INTERSTATE HIGHWAYS SEEN IN POOR CONDITION

Nearly half of the nation's interstate highways are in "barely tolerable or worse condition," the General Accounting Office told Congress Tuesday.

The GAO, a congressional watchdog agency, said some states have not performed needed road maintenance, which has led to slow deterioration of some interstate highways.The agency reviewed interstate highway maintenance and repair programs at the request of the House Public Works and Transportation Committee, which heard testimony Tuesday on future highway needs.

"Due to funding difficulties, some states have not performed needed maintenance to slow pavement deterioration and reduce (repair costs)," the agency said.

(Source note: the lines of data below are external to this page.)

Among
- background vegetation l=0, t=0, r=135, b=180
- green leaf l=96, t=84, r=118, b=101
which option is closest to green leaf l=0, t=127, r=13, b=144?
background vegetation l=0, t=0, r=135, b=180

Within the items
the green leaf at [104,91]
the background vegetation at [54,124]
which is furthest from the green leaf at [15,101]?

GAO based its assessment on a review of Federal Highway Administration data and on its own examination of highway maintenance programs in California, Louisiana and Michigan.

The 42,500-mile interstate highway system is nearing completion, and lawmakers are debating how future highway funds should be spent. Congress also has begun consideration of a new five-year highway funding bill, which will set priorities beginning with the 1991 fiscal year.

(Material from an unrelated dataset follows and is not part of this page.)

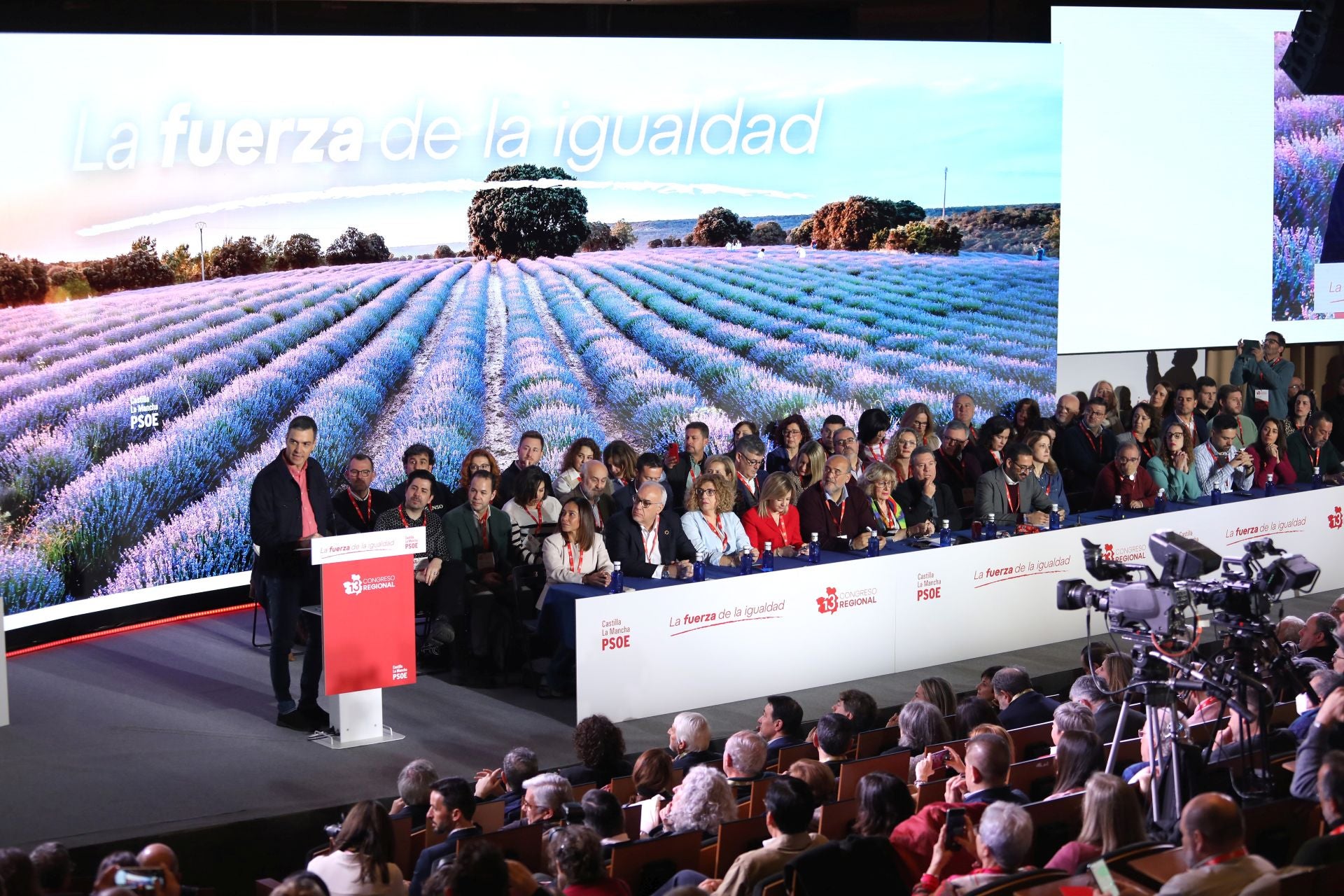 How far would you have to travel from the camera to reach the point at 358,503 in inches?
316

GAO said the condition of the interstate highways has been deteriorating for years, partly because of deferred maintenance.

The percentage of highways classified as "good" - those providing a smooth ride - has shrunk to 57 percent from 61 percent in 1981, the agency said. Moreover, interstate highways rated only "fair" increased to 31 percent from 25 percent. "Poor" highways - those providing an uncomfortable ride - stayed even throughout the 1980s, at roughly 12 percent.

"The bottom line is that the ride on 43 percent of the nation's premier highway system may be barely tolerable or worse," the agency said.

GAO said highways are also deteriorating because funds earmarked for repairs are being used instead to widen roads.

The Interstate Resurfacing, Restoration, Rehabilitation and Reconstruction Act of 1976, or 4R program, originally provided the states with federal money for major roadway repairs. Routine maintenance is funded by the states.

In 1981, however, the 4R program was modified, allowing the states to use federal funds add new highway lanes or to widen existing lanes. Less money, therefore, was available to repair damaged road surfaces.

About 13 percent of 4R funds were spent on lane widening last year and as much as 50 percent may be spent on similar programs in the future.

"If about 50 percent of of 4R funds are spent for major interstate widening, this spending would represent a significant departure from historical spending trends," the GAO said.